# What you will do:
Write out again, exactly, the lines below starting at the one with "Catrice Aqua Splash" and ending at the one with "Straws screenshot 4".

# Listed entries:
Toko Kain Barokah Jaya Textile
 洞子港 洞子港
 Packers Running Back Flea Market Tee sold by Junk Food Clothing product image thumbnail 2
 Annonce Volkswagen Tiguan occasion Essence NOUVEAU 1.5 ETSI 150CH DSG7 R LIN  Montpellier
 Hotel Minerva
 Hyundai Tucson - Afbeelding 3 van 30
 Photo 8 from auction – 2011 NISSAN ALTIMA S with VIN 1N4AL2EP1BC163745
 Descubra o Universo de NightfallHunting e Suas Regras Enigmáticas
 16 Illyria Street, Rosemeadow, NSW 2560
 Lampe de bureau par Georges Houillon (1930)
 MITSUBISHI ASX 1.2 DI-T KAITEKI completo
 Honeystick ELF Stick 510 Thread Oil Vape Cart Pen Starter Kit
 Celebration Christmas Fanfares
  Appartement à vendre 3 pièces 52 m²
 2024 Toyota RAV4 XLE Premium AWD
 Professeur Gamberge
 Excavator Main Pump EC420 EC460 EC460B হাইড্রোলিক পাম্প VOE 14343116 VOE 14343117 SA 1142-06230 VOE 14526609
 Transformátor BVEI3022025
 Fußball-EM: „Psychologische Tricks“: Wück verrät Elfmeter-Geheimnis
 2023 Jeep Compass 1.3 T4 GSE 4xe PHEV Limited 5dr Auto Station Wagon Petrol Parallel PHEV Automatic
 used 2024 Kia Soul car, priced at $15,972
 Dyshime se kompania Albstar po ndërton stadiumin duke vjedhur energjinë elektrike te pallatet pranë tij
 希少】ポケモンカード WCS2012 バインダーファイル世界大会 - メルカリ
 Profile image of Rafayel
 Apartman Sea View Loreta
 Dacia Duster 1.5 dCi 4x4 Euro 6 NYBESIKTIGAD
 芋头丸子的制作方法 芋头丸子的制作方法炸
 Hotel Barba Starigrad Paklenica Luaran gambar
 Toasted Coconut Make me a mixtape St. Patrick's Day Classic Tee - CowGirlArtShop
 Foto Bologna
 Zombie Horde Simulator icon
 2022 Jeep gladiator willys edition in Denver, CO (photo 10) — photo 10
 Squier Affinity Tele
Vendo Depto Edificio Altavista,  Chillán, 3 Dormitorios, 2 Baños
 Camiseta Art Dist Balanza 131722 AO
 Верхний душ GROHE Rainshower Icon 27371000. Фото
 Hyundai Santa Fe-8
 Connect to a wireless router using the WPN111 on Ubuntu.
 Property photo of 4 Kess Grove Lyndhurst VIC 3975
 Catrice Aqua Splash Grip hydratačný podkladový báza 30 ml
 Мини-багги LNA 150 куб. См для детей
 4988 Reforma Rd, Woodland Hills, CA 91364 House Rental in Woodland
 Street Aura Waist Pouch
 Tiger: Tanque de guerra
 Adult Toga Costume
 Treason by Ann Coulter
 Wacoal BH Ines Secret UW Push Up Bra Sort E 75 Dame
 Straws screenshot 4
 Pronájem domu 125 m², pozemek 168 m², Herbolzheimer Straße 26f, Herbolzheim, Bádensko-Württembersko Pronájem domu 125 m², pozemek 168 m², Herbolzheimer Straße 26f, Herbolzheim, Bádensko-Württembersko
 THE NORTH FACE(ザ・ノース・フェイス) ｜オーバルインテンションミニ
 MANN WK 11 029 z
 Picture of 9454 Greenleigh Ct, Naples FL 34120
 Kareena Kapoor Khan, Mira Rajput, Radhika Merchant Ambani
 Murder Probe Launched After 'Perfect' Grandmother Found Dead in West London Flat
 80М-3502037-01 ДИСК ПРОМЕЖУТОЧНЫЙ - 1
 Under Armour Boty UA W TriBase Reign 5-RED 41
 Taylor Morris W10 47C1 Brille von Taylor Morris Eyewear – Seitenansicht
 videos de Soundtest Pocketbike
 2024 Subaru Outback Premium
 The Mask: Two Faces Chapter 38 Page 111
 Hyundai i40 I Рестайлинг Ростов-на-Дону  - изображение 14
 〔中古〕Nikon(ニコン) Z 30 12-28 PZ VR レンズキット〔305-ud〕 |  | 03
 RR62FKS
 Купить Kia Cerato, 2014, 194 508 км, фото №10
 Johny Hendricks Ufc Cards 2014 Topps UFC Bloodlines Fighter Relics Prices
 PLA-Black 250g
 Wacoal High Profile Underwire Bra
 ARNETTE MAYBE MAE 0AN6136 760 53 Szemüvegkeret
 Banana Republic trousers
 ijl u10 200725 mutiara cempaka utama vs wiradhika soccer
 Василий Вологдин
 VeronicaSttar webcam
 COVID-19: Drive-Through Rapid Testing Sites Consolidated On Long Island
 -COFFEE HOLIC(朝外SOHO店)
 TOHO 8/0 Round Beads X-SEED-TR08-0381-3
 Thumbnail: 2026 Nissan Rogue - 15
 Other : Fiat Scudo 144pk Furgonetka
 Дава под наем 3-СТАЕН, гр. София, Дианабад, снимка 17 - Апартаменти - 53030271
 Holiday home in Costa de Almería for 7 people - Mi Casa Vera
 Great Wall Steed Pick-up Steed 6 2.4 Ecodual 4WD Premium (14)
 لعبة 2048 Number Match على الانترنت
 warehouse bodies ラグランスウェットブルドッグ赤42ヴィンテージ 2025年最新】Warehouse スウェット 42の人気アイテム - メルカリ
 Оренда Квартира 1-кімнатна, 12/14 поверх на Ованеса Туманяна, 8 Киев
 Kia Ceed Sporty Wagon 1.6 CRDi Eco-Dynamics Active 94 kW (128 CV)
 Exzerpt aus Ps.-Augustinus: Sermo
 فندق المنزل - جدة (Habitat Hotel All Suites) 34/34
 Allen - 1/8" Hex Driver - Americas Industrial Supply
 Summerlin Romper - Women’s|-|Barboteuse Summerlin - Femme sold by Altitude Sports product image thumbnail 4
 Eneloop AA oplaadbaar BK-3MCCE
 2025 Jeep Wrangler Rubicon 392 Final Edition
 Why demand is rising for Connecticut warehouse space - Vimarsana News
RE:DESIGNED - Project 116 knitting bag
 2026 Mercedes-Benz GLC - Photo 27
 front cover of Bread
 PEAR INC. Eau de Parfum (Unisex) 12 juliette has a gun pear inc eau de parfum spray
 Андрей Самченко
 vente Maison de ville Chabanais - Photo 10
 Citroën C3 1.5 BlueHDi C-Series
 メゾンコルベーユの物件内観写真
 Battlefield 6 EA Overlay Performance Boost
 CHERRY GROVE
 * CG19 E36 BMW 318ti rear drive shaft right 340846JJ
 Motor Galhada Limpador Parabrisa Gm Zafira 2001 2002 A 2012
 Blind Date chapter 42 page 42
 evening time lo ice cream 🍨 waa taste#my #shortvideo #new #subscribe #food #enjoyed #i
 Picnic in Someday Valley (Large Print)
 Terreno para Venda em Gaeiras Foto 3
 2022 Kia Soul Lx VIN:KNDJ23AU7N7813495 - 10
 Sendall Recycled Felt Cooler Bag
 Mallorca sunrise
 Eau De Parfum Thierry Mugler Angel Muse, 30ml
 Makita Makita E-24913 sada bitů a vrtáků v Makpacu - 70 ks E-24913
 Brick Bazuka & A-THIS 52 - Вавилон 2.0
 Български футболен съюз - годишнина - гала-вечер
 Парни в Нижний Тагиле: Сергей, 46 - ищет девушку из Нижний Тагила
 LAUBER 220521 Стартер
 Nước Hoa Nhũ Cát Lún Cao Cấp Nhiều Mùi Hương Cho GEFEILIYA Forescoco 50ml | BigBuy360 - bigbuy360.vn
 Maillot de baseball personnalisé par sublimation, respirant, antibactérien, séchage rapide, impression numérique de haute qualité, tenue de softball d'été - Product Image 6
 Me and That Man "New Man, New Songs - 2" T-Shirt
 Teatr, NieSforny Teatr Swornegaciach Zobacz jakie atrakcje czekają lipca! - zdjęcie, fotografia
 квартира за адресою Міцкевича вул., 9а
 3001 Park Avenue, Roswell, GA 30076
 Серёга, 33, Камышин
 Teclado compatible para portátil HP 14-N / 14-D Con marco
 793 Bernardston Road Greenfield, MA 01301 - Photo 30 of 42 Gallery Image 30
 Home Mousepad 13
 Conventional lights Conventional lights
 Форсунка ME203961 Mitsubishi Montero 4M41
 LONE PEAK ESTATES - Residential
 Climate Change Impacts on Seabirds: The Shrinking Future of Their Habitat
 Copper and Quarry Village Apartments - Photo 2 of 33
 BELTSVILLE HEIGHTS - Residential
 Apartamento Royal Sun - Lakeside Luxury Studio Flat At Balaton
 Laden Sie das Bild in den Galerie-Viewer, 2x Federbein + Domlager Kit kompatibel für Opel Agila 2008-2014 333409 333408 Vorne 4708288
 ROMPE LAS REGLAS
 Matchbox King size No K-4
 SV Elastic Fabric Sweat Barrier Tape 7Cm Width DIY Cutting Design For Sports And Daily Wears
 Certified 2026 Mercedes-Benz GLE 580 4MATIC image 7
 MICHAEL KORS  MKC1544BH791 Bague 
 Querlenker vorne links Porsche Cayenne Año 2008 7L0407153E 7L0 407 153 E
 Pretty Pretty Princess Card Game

# Result of this exercise:
 Catrice Aqua Splash Grip hydratačný podkladový báza 30 ml
 Мини-багги LNA 150 куб. См для детей
 4988 Reforma Rd, Woodland Hills, CA 91364 House Rental in Woodland
 Street Aura Waist Pouch
 Tiger: Tanque de guerra
 Adult Toga Costume
 Treason by Ann Coulter
 Wacoal BH Ines Secret UW Push Up Bra Sort E 75 Dame
 Straws screenshot 4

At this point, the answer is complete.